§201H-45 - Sale; mortgage, agreement of sale, and other instruments.
[§201H-45] Sale; mortgage, agreement of
sale, and other instruments. (a) The corporation shall sell completed
dwelling units or dwelling units that are substantially completed and
habitable, developed and constructed hereunder, to qualified residents in fee
simple, or shall cause them to be leased or rented to qualified residents at a
price or rental based on costs as determined by the corporation. The gross
share to the other partners or contract payments and any amounts subsidized by
the State, including but not limited to the land, need not be counted as cost
so as to increase the price. These costs may be borne by the State, pursuant
to rules adopted by the corporation subject to reimbursement upon sale as
provided in section 201H‑47.
(b) If a qualified purchaser is unable to
obtain sufficient funds at reasonable rates from private lenders, the
corporation, by way of mortgage, agreement of sale, or other instrument to
secure the indebtedness, may loan to the purchaser up to one hundred per cent of
the purchase price. The purchaser in that event shall execute with the
corporation an agreement of sale, mortgage, or other instrument under the terms
of which the unpaid principal and the interest thereon shall be paid in monthly
installments over a period of not more than forty years.
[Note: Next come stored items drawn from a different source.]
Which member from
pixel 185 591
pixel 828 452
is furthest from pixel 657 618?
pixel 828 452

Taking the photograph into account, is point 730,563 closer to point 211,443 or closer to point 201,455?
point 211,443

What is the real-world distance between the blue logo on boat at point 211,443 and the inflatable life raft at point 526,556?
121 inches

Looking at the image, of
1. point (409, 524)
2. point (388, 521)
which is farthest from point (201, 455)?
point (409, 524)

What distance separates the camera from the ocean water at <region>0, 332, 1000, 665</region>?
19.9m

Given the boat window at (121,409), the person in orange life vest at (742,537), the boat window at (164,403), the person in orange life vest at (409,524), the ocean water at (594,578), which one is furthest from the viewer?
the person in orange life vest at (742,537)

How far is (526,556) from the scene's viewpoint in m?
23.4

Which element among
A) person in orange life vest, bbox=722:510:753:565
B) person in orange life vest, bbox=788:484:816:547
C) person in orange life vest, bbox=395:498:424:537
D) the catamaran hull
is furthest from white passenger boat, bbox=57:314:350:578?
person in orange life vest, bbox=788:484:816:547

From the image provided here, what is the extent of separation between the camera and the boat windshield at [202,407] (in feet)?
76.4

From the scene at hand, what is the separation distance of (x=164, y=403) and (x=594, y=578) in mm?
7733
(c) Every mortgage, agreement of sale, other
instrument to secure the indebtedness, or instrument of indebtedness executed
by the corporation may contain other provisions as are usually found in such
instruments and shall provide that the purchaser may repay the whole or any
part of the unpaid balance of the purchase price plus accrued interest at any
time without prepayment penalty.
(d) If the purchaser defaults on the payment
of any loan, the corporation shall take all necessary action to collect the
delinquent principal and interest on the loan and may take all actions allowed
to holders of obligations, including the power to repossess, lease, rent,
repair, renovate, modernize, and sell the property foreclosed, subject to the
restrictions described in this section.
(e) The mortgages, agreements of sale, and
other instruments of indebtedness, at the direction of the corporation, may be
assigned to and serviced by commercial banks and other lending institutions
doing business in the State at a fee of not more than one-half of one per cent
of the amount loaned to the purchaser.
(f) Subsections (a) to (e) need not apply to
market-priced dwelling units in an economically integrated housing project,
except as otherwise determined by the developer of the units; provided that
preference shall be given to qualified residents in the initial sale of
market-priced units. [L 2006, c 180, pt of §3]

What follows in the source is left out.